The political credibility of BNP got a serious jolt for its continuous association with the 71 war criminals and Jamaat. Whenever BNP was going for street violence their main strength was Jamaat’s cadres. After the execution of top Jamaat leaders for war crimes of 71, its strength and power has been diminishing. It affected BNP’s strength also. BNP’s another blunder was to boycott the General election of 2014. They could not persuade people to boycott the election and lead a powerful movement against the present Hasina government. In 1996 Awami League, the-then opposition party, boycotted the election with other parties and with a powerful movement toppled the BNP government. In 2014 BNP thought that they could play the same game. But they could not repeat the history.

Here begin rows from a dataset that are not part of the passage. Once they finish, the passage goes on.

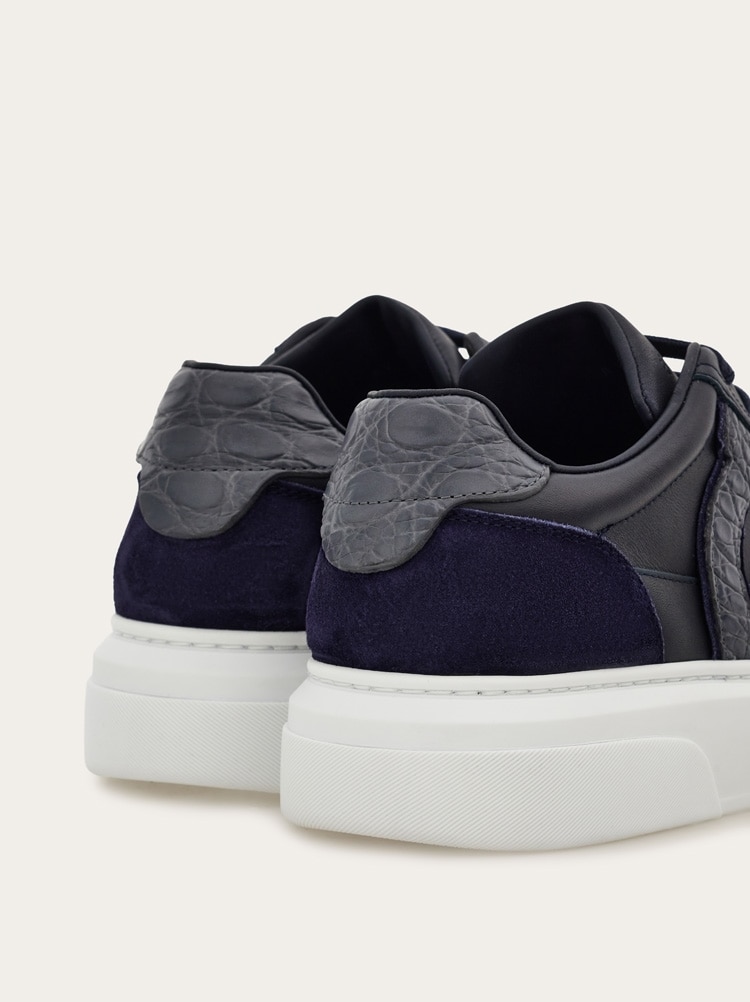 Low-top sneaker with Gancini detail Gallery image 4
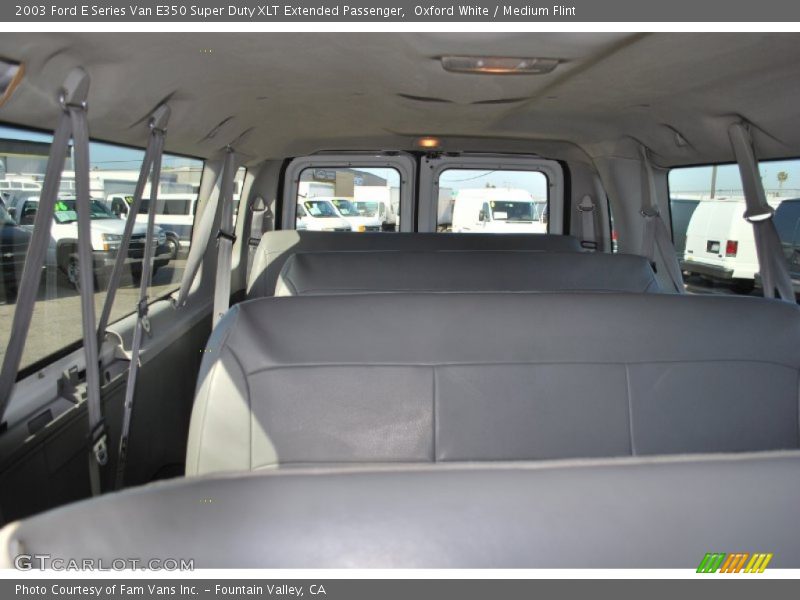 Oxford White / Medium Flint 2003 Ford E Series Van E350 Super Duty XLT Extended Passenger
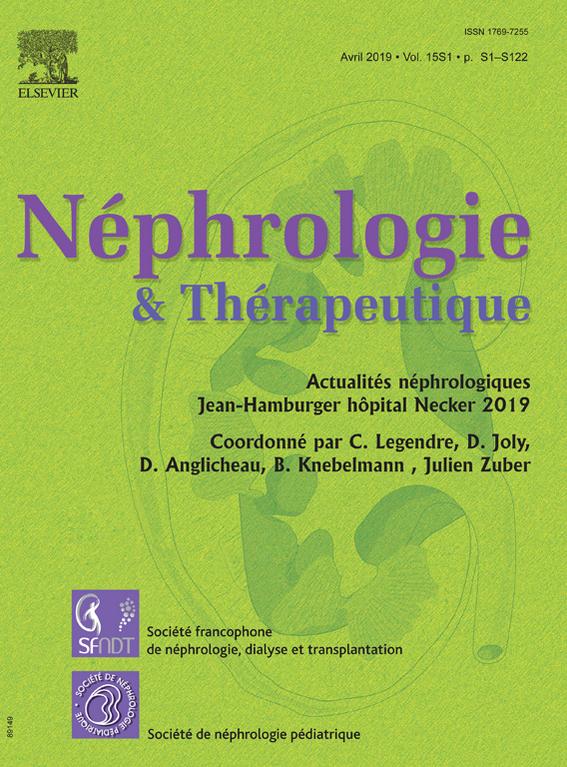 Néphrologie & Thérapeutique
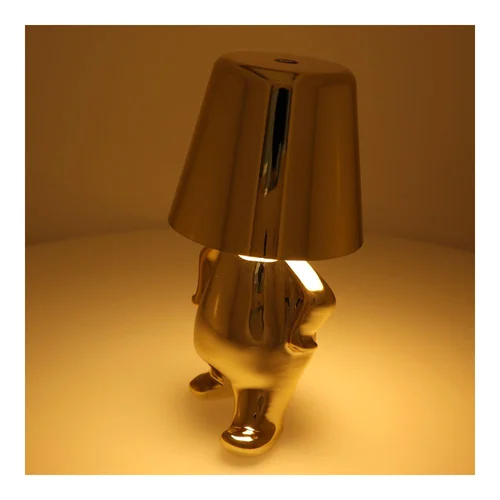 MLTL GOLD MAN Art Deco stalinė LED lempa, auksinė (1 versija) image 3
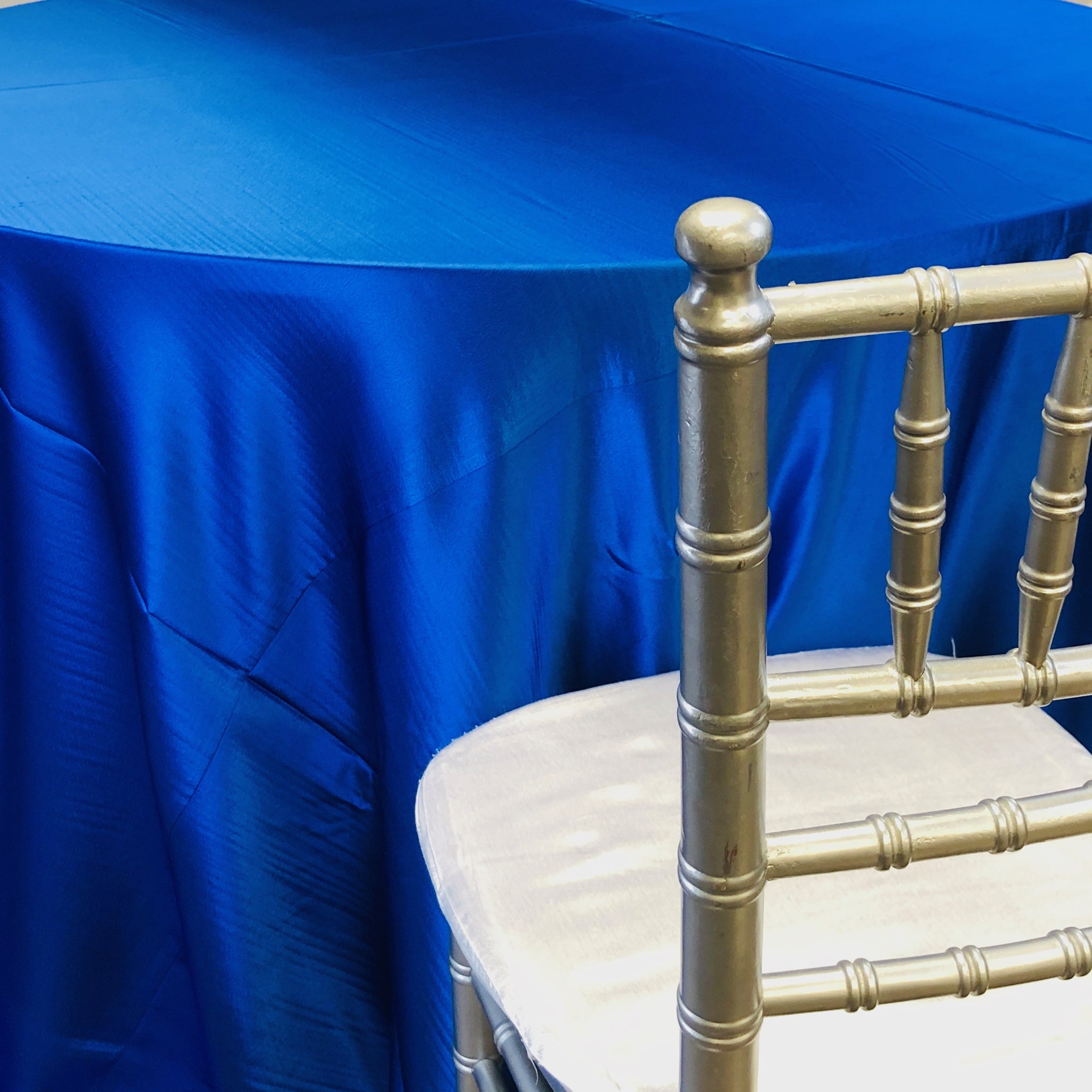 Crepe Back Satin Royal Blue Premium Table Linen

Now BNP is out of power for 11 years. Tarique hot-headed policy and his absolute influence on his mother, led many senior leaders to desert the party. Though BNP is now the leader of twenty party front but without Jamaat they are like a toothless tiger. Khaleda Zia is now alone. She has neither strong support in the country nor abroad. It was proved after her imprisonment. BNP failed to muster any visible or affective support in and out of the country. BNP’s last blunder was to select Tarique Rahman as its acting leader. Already there is controversy in her party and in the outside world. How a man convicted of corruption and abuse of power could be selected as a leader of a party or run a successful election sitting in a foreign country far away from Bangladesh? Where is his personal charm and efficiency and experience to lead a party in crisis? Nor does he have any political credibility.
So, those people who think that Khaleda Zia’s imprisonment will unify the party are most probably wrong. BNP is not a well-knit party, but an assembly of people of different colour and opinions, interspersed with opportunity seekers. If those people think that Begum Zia will stay in the prison for a long time and the party is a rudderless boat, they will immediately jump off like the proverbial mouse who jumped from the ship of Noah. BNP might disintegrate like Convention Muslim League or truncate like Pakistan Muslim League.
In my humble opinion, the party’s salvation lies in joining the next election with or without Khaleda Zia but with a combination of old and new leadership in place of Tarique Rahman. For that, they can try to bring back their senior old leaders like Dr. Badruddoza Chowdhury, Colonel Oliur Rahman and others like them. They may go for peaceful movement to free Begum Zia, but at the same time they should declare their intention to participate in the election. Whether Khaleda Zia is in prison or out of the prison with bail, it will be possible for her to lead the election campaign with the cooperation of old and new leaders. The party should denounce the path of violence and show their allegiance to the secular and democratic ideals which are the corner stones of the independent Bangladesh. I pray earnestly that BNP should revive from this great crisis for the sake of a strong and two-party democratic system in Bangladesh.